For bundling the standard packages, if the feature `core/bundle_std_packages` is enabled (which it is by default), all packages are compiled targeting `wasm32-wasi` which yields one `.wasm` file for each package. These packages are then copied into the binary, and will then be loaded by [core](core) the first time a document is compiled.
The language itself is completely output-agnostic, meaning that it may support any output format and the syntax doesn't change. Packages, like [`math`](packages/math), declares what output formats their declared modules support (in this case HTML and LaTeX), and will get the desired output format as an argument when called.
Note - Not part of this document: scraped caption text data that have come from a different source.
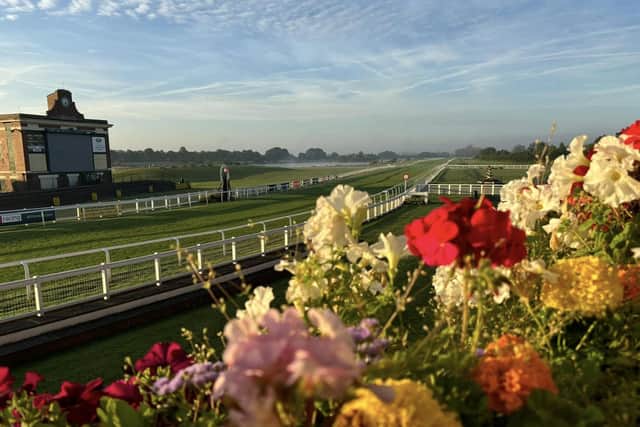 Known as Yorkshire's Garden Racecourse, Ripon Races has been hosting some of the most exciting, prestigious and enjoyable racing in the country for more than 300 years. (Picture contributed)
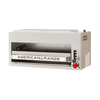 American Range ARSM-36 36 Inch Gas Salamander Broiler For Melting, Browning, Grilling And Reheating Dishes.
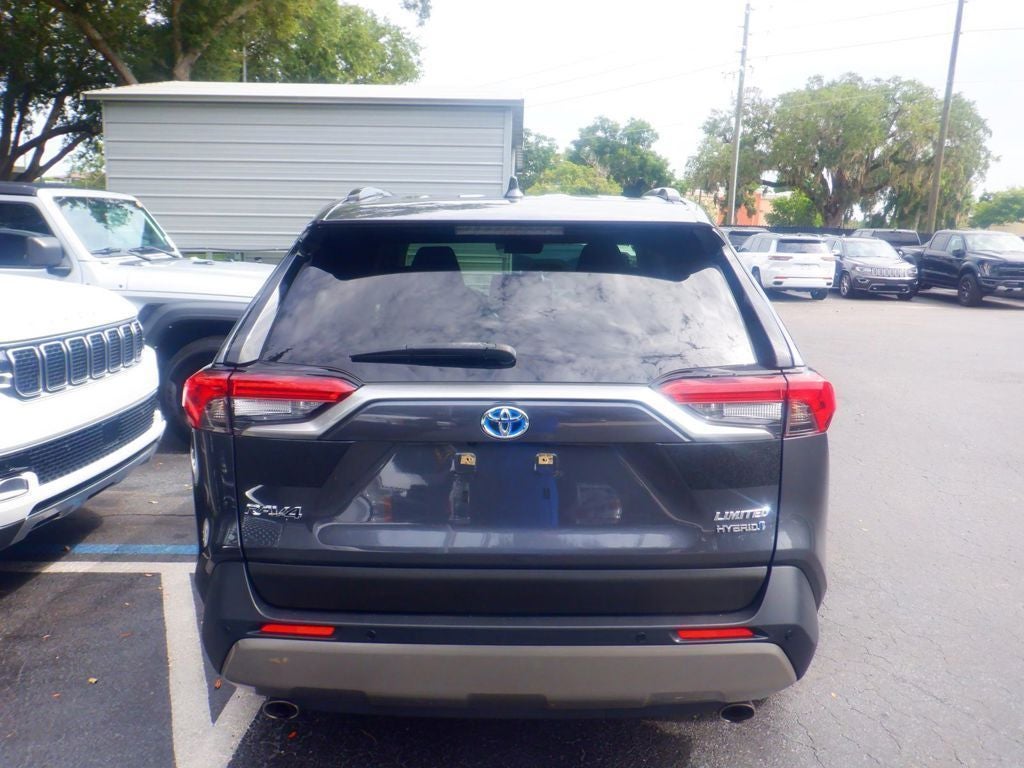 2024 Toyota RAV4 Limited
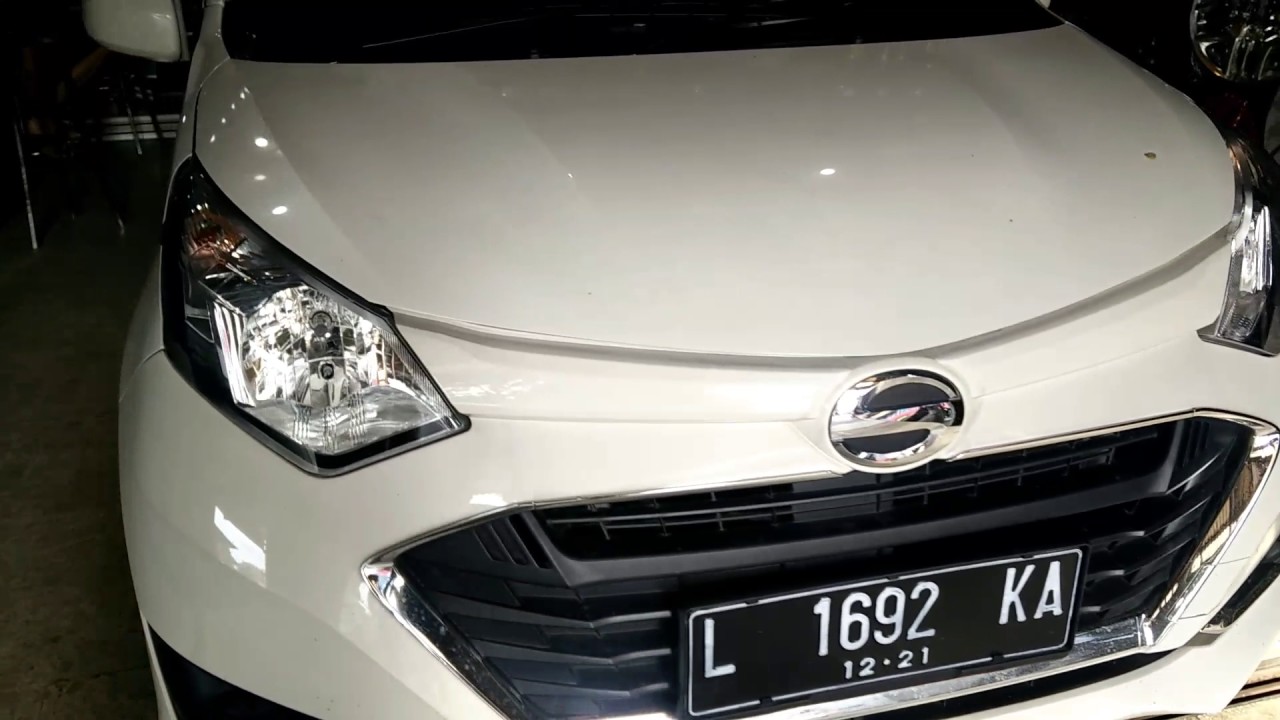 Variasi Accessories Daihatsu Sigra Toyota Calya YouTube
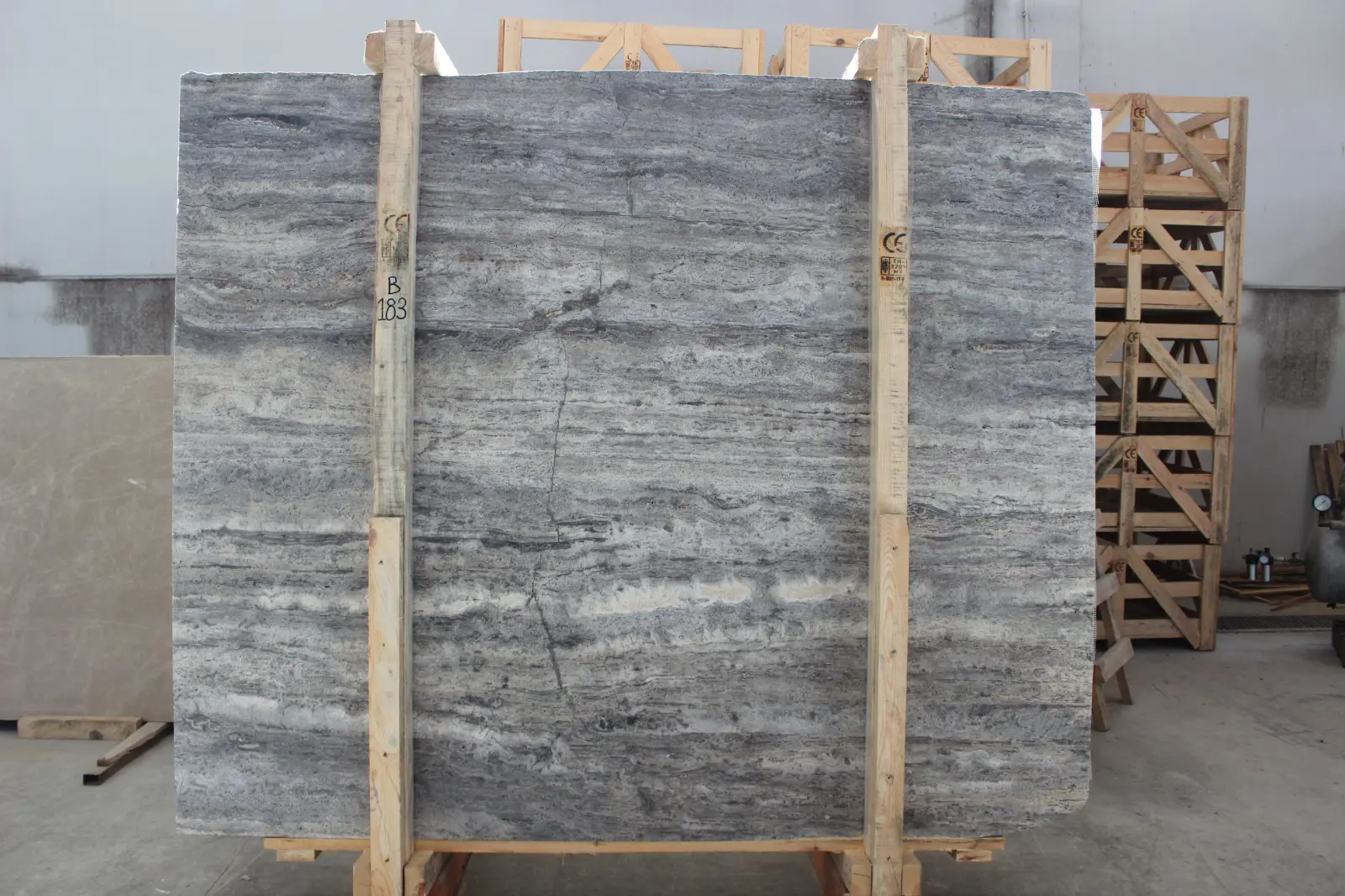 Travertine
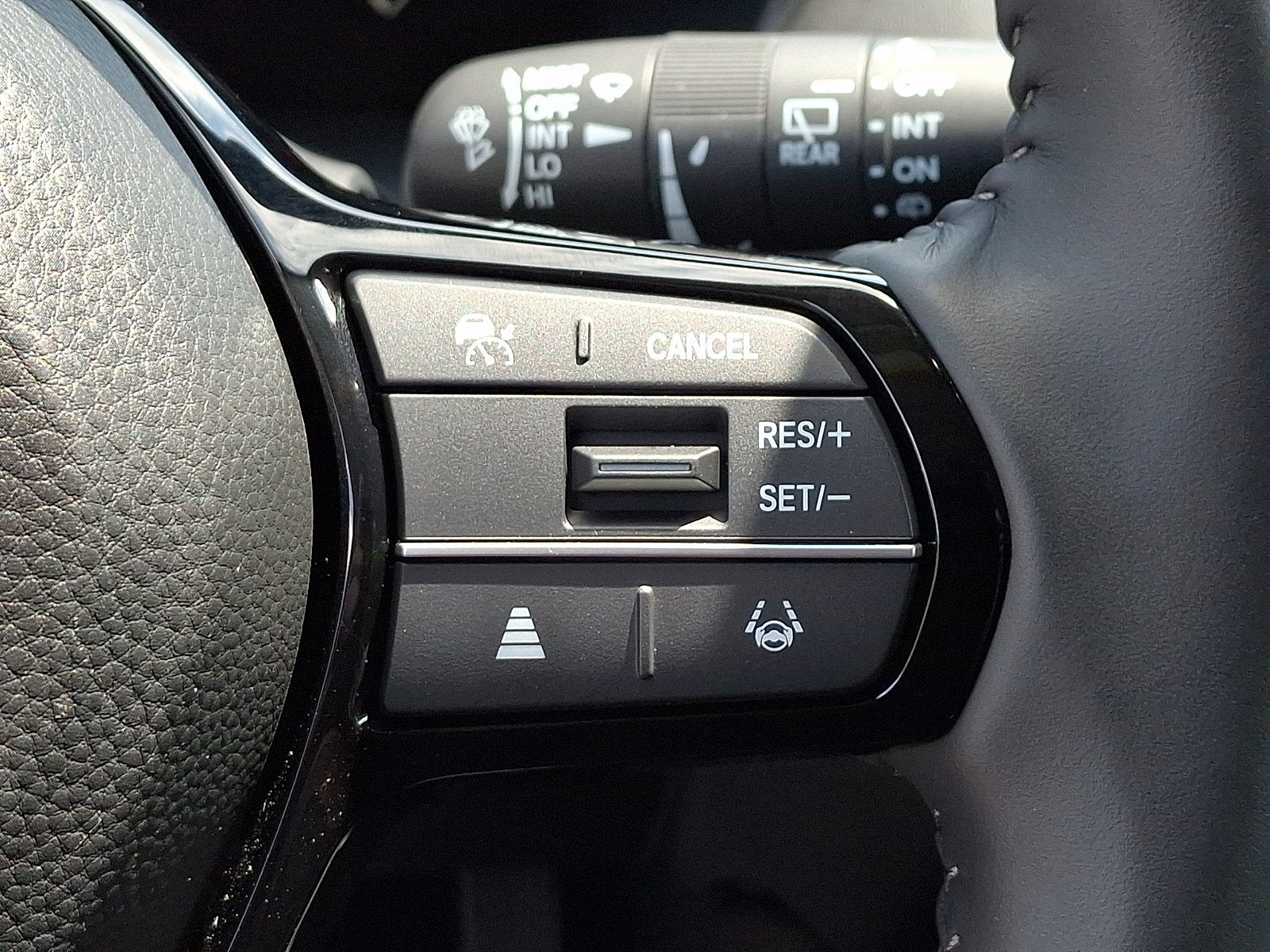 2025 Honda HR-V EX-L
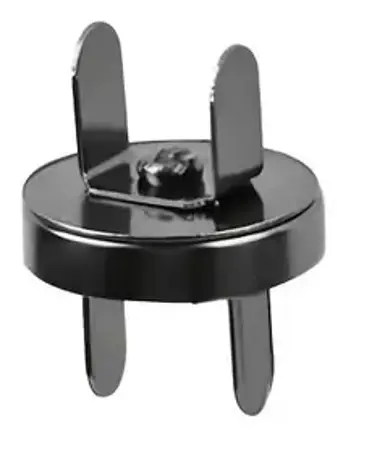 Magnetické zapínání na kabelky Platina 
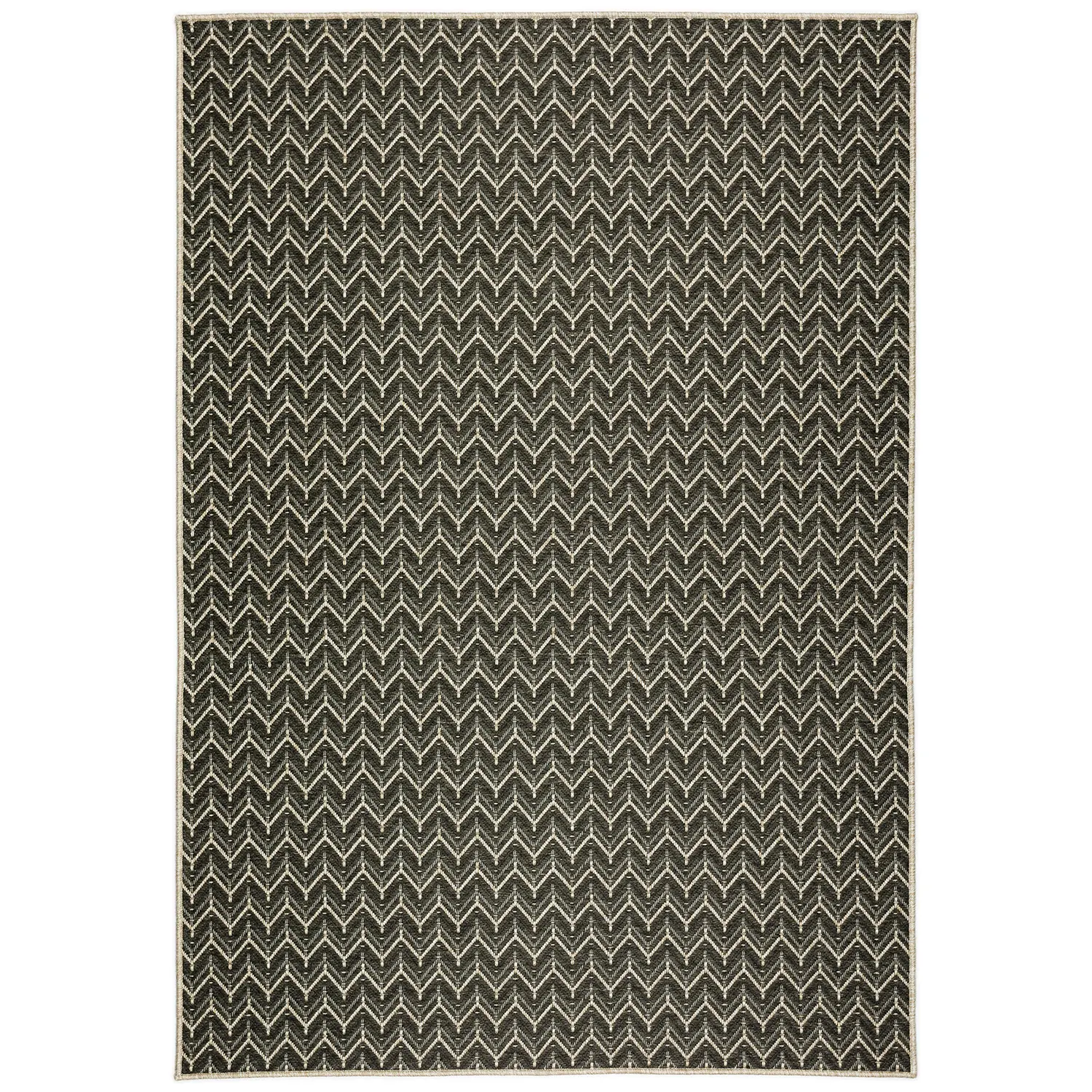 Bali BB1 Charcoal Modern Rug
When the document gets compiled and finds a `[math]` module, [core](core) will check if there is a transform from that module to the wanted output format. This means that even if the package implementing the default `[math]` module doesn't support it, one could just make a new package declaring a transform to the output format of their liking. In addition to this, there are so-called _language packages_ which are packages responsible for transforming tags and other structural components, such as the document itself, to one output format. Examples of these are the [html](packages/html) and [latex](packages/latex) packages, but one could also write a language package of their own, or import one made by another third-party. There is nothing that sets a _language package_ apart from any other package, but the ability to transform the whole document to the final output format as well as transforming tags and such to the final output format. It would thus probably be easy to make a new package supporting output formats like RTF or Markdown.
## License
This project is licensed under [Apache 2.0](LICENSE) license, © 2023 The ModMark Contributors. Third party software is used, which are licensed under their respective licenses, which can be found under [licenses.txt](licenses.txt).